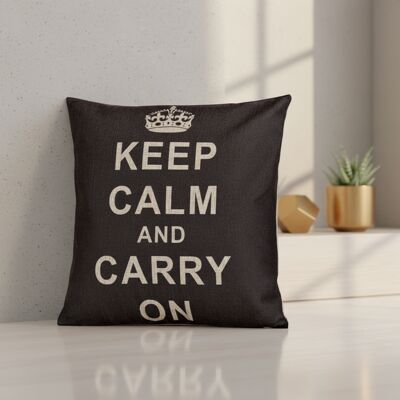 MUCOLA Designer Cushion Bench Shabby Dicendo Mantenere La Calma Di Riempimento Cuscino Tappezzeria Vintage MUCOLA Designer Cushion Bench Shabby Dicendo Mantenere La Calma Di Riempimento Cuscino Tappezzeria Vintage
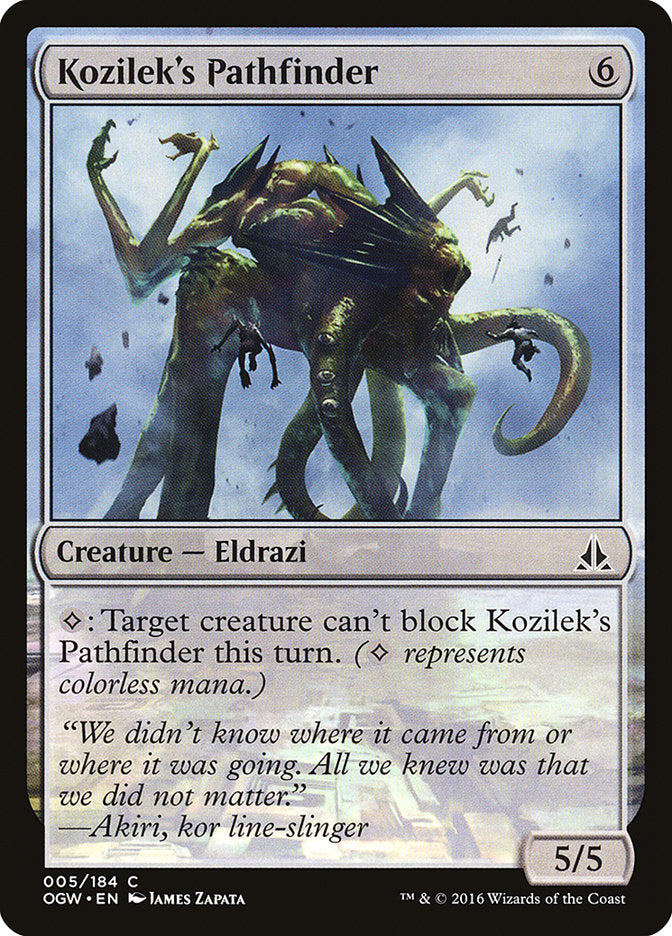 Kozilek's Pathfinder [Oath of the Gatewatch] | Boutique FDB TCG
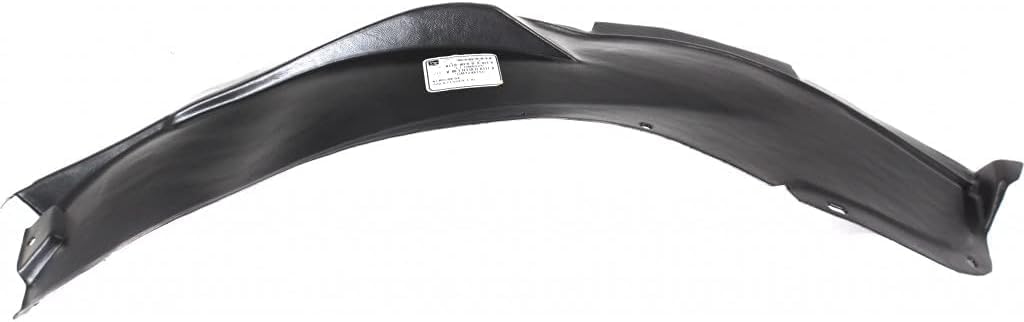 Front Fender Liner Rear Section Left Driver Side Direct Replacement Compatible With 1999-2004 Oldsmobile Alero GM1248155 22639915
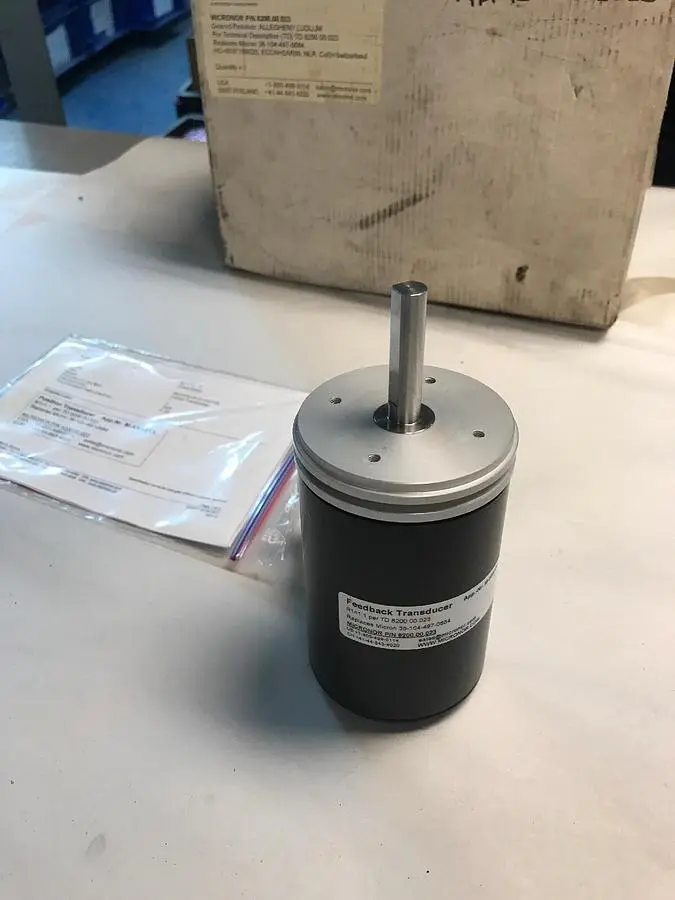 New | in-Stock MICRONOR 8200.00.023 Transducers | Surplus Asset Holdings #1205563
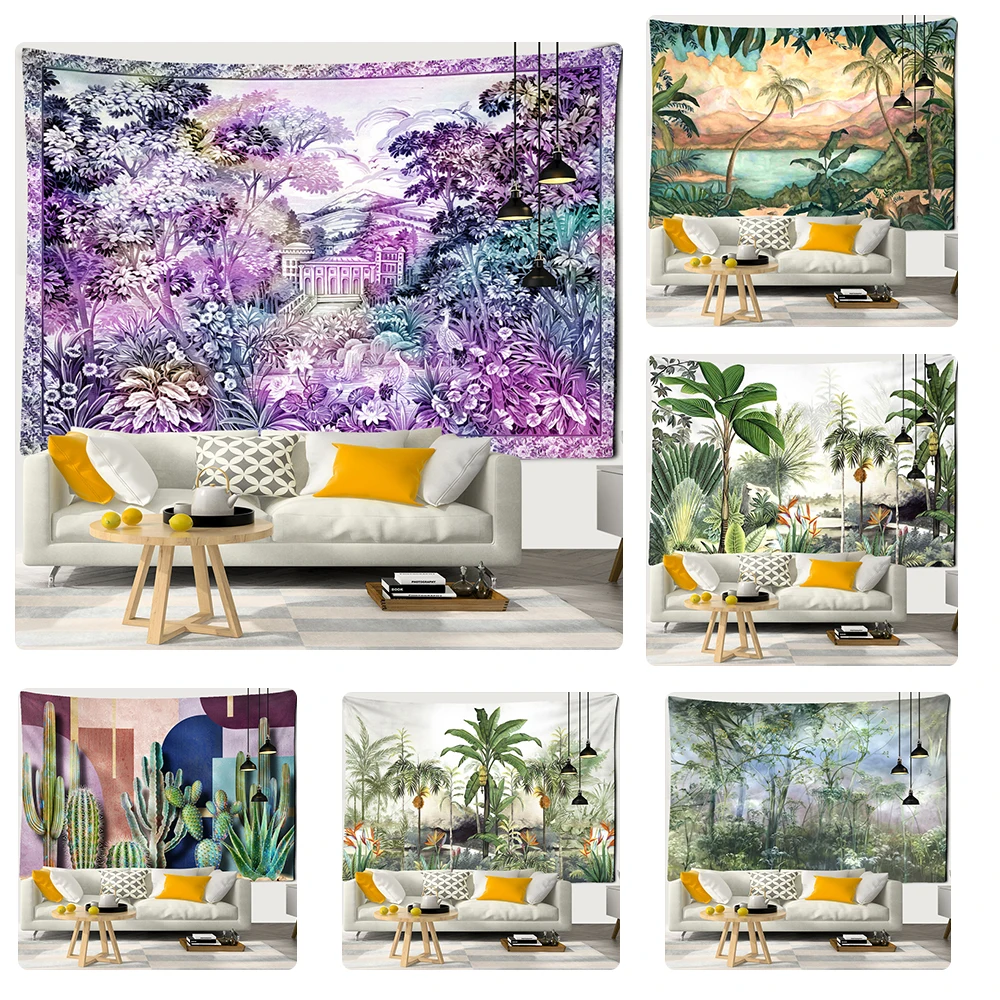 Palm Plant Tapestry Wall Hanging Hippie Bohemian Psychedelic Colorful Art Ins Style TAPIZ Room Home Decor
Palm Plant Tapestry Wall Hanging Hippie Bohemian Psychedelic Colorful Art Ins Style TAPIZ Room Home Decor
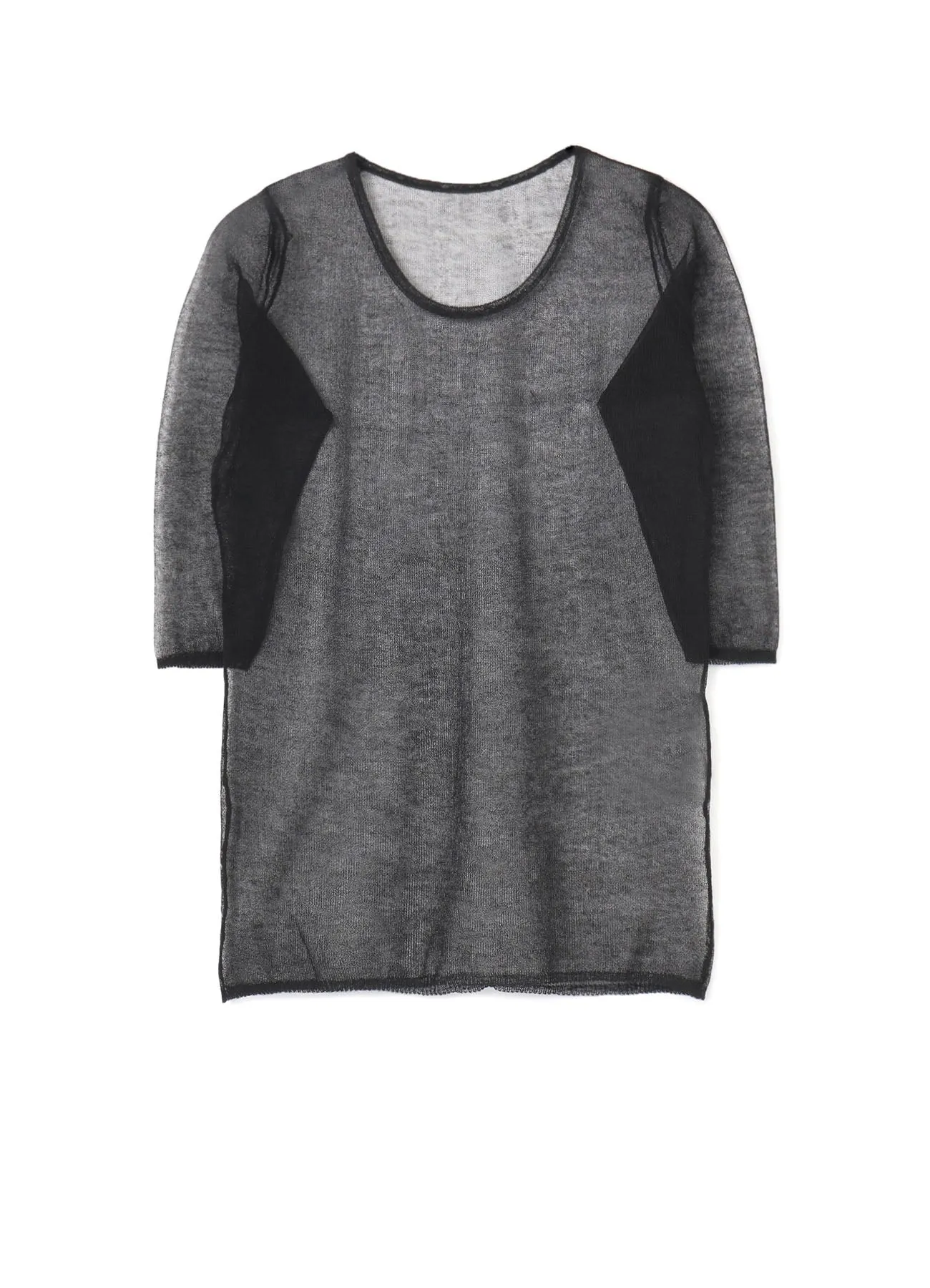 Pe/Ra Plain Stitch B Three Quarter Sleeve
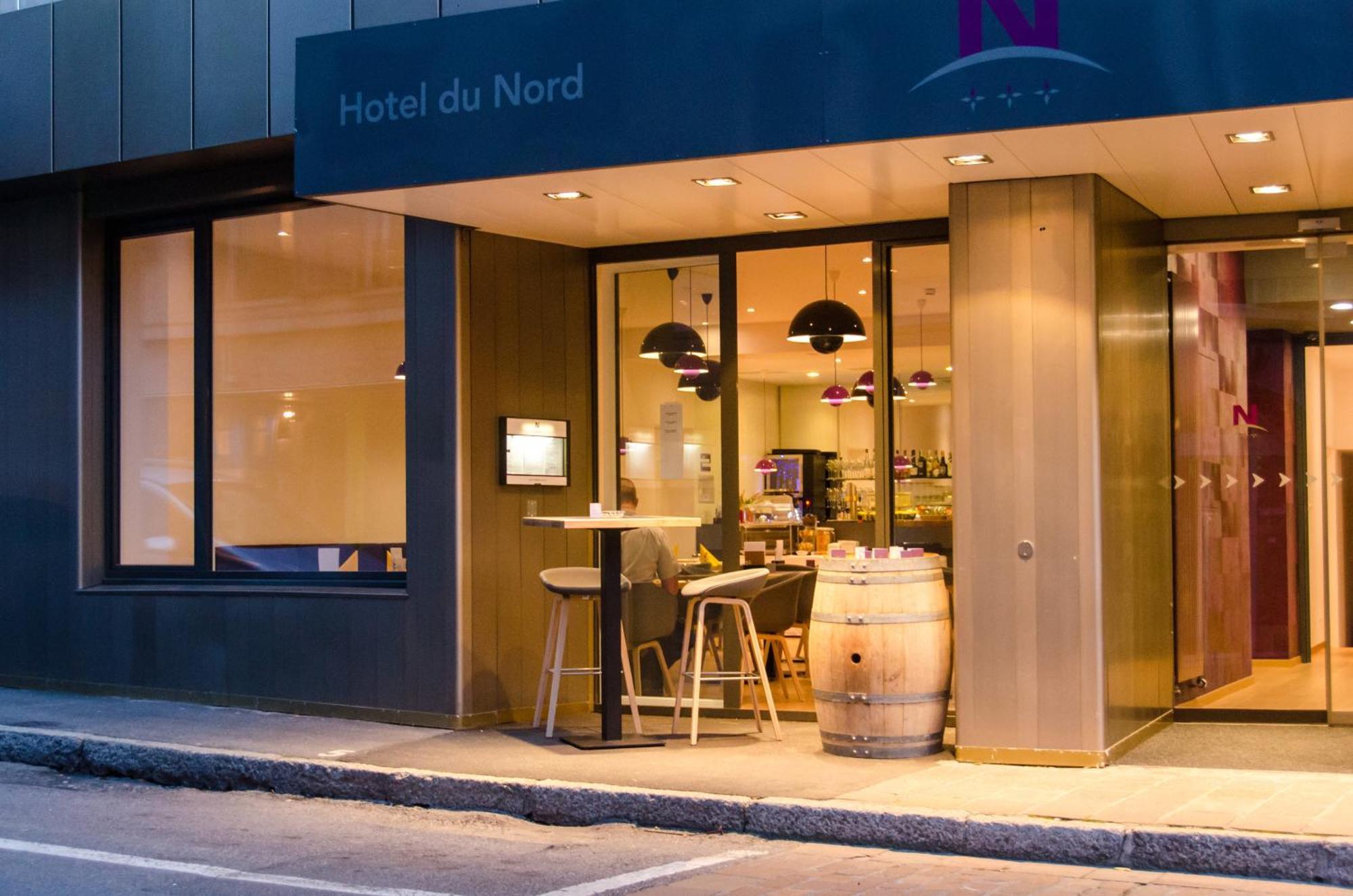 Hotel Du Nord 애글 외부 사진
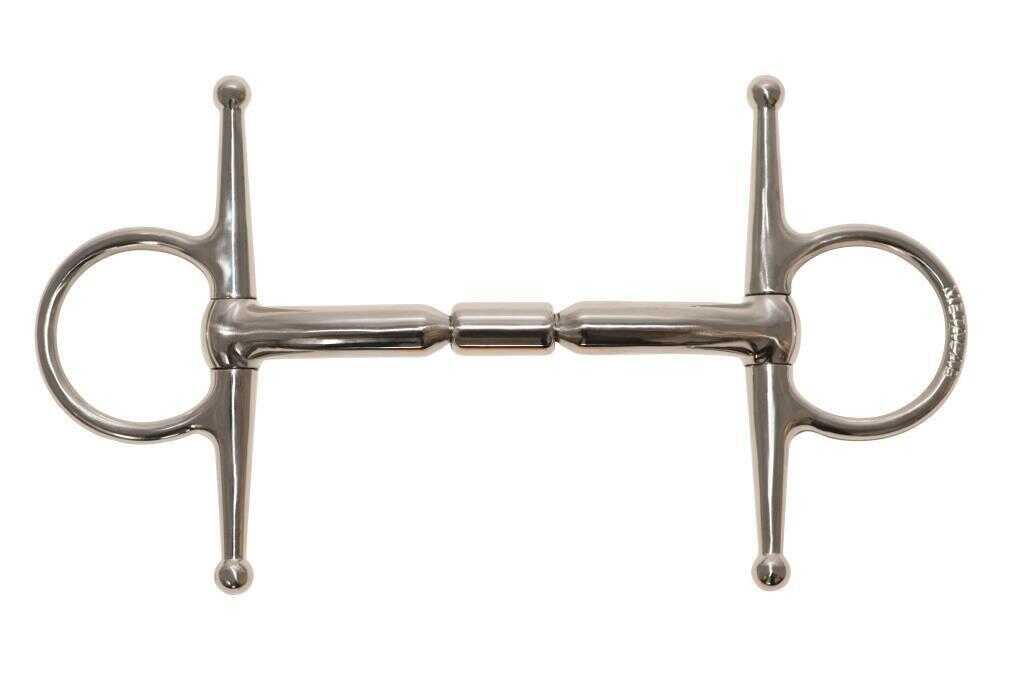 METALAB Full cheek bit - Elite straight roller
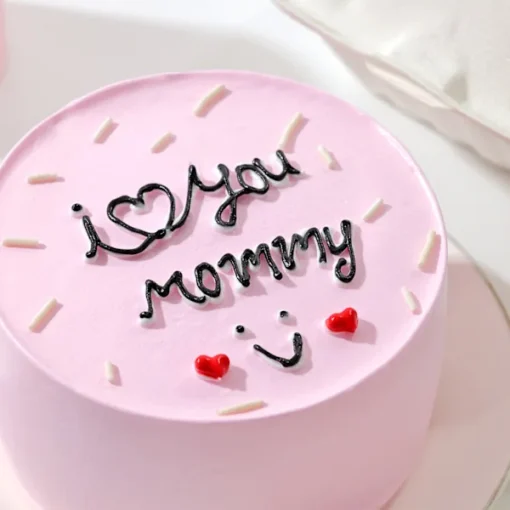 Blushing Love Bento Cake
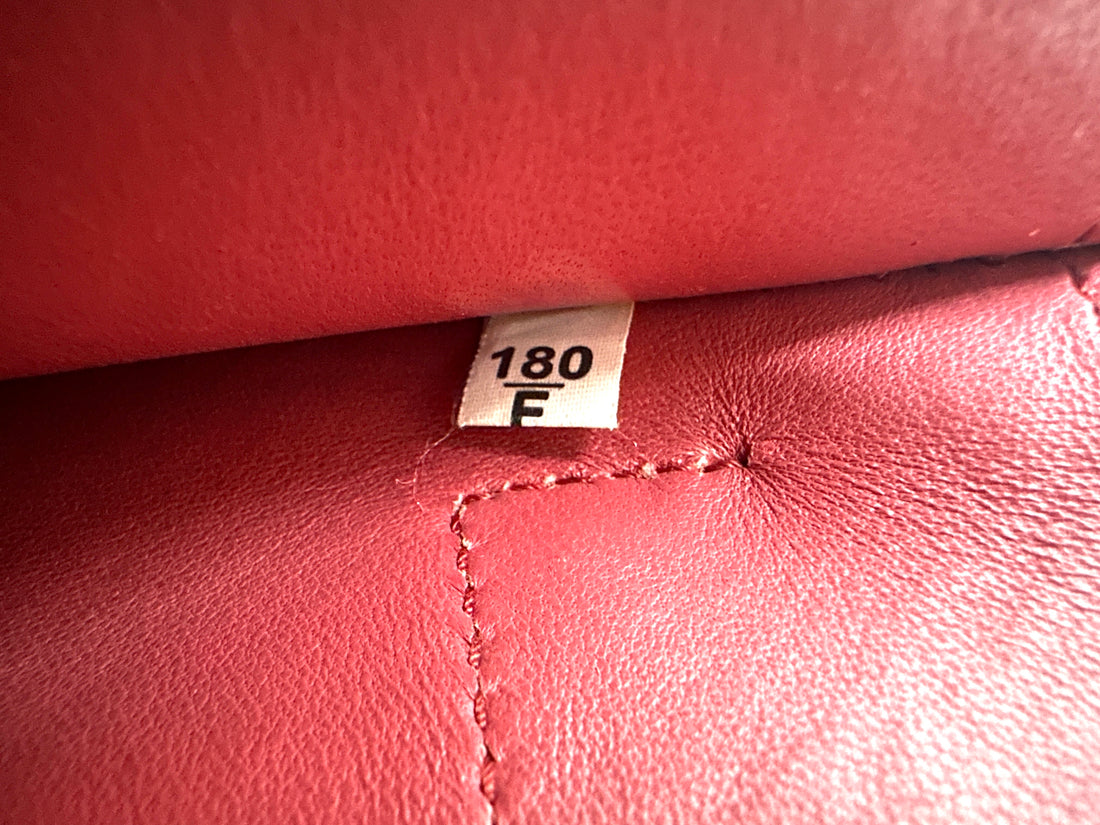 Prada Galleria Red Saffiano Leather Handle Bag PR313
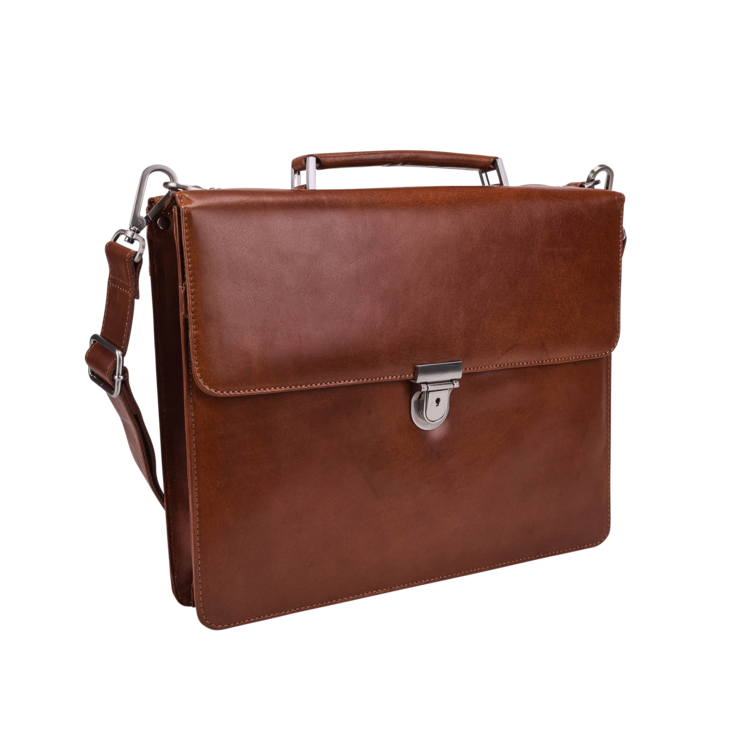 Leonhard Heyden Cambridge Aktenmappe 1 Fach Cognac Flash Sale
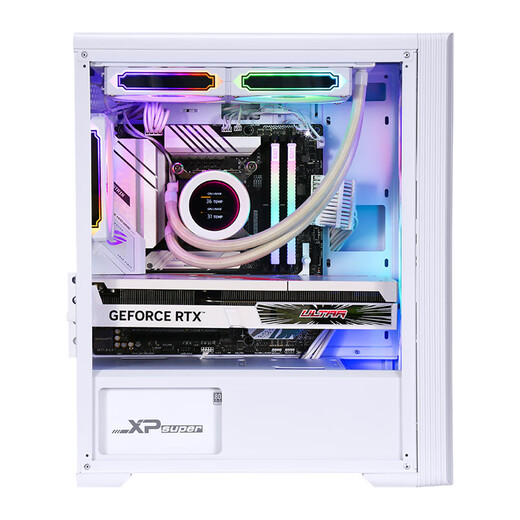 先马（SAMA）卡皮巴拉M1白色台式电脑matx散热主机箱 前板大面积进风/6风扇位/240水冷位/4硬盘位/Type-C预留孔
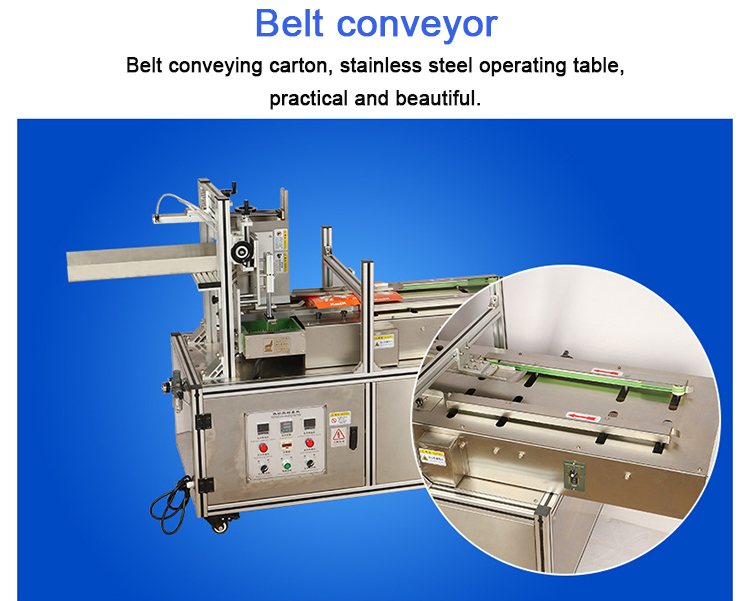 automatic folder gluer machine Gift Carton Hot Melt Glue Sealing Sides Machine semi automatic  gluer machine for sale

※ ※ ※

= ACTION ITEM =
Output the entries above exactly as given, but strip out the pictures.

= SOLUTION FOR THIS PROBLEM =
 MUCOLA Designer Cushion Bench Shabby Dicendo Mantenere La Calma Di Riempimento Cuscino Tappezzeria Vintage MUCOLA Designer Cushion Bench Shabby Dicendo Mantenere La Calma Di Riempimento Cuscino Tappezzeria Vintage
 Kozilek's Pathfinder [Oath of the Gatewatch] | Boutique FDB TCG
 Front Fender Liner Rear Section Left Driver Side Direct Replacement Compatible With 1999-2004 Oldsmobile Alero GM1248155 22639915
 New | in-Stock MICRONOR 8200.00.023 Transducers | Surplus Asset Holdings #1205563
 Palm Plant Tapestry Wall Hanging Hippie Bohemian Psychedelic Colorful Art Ins Style TAPIZ Room Home Decor
Palm Plant Tapestry Wall Hanging Hippie Bohemian Psychedelic Colorful Art Ins Style TAPIZ Room Home Decor
 Pe/Ra Plain Stitch B Three Quarter Sleeve
 Hotel Du Nord 애글 외부 사진
 METALAB Full cheek bit - Elite straight roller
 Blushing Love Bento Cake
 Prada Galleria Red Saffiano Leather Handle Bag PR313
 Leonhard Heyden Cambridge Aktenmappe 1 Fach Cognac Flash Sale
 先马（SAMA）卡皮巴拉M1白色台式电脑matx散热主机箱 前板大面积进风/6风扇位/240水冷位/4硬盘位/Type-C预留孔
 automatic folder gluer machine Gift Carton Hot Melt Glue Sealing Sides Machine semi automatic  gluer machine for sale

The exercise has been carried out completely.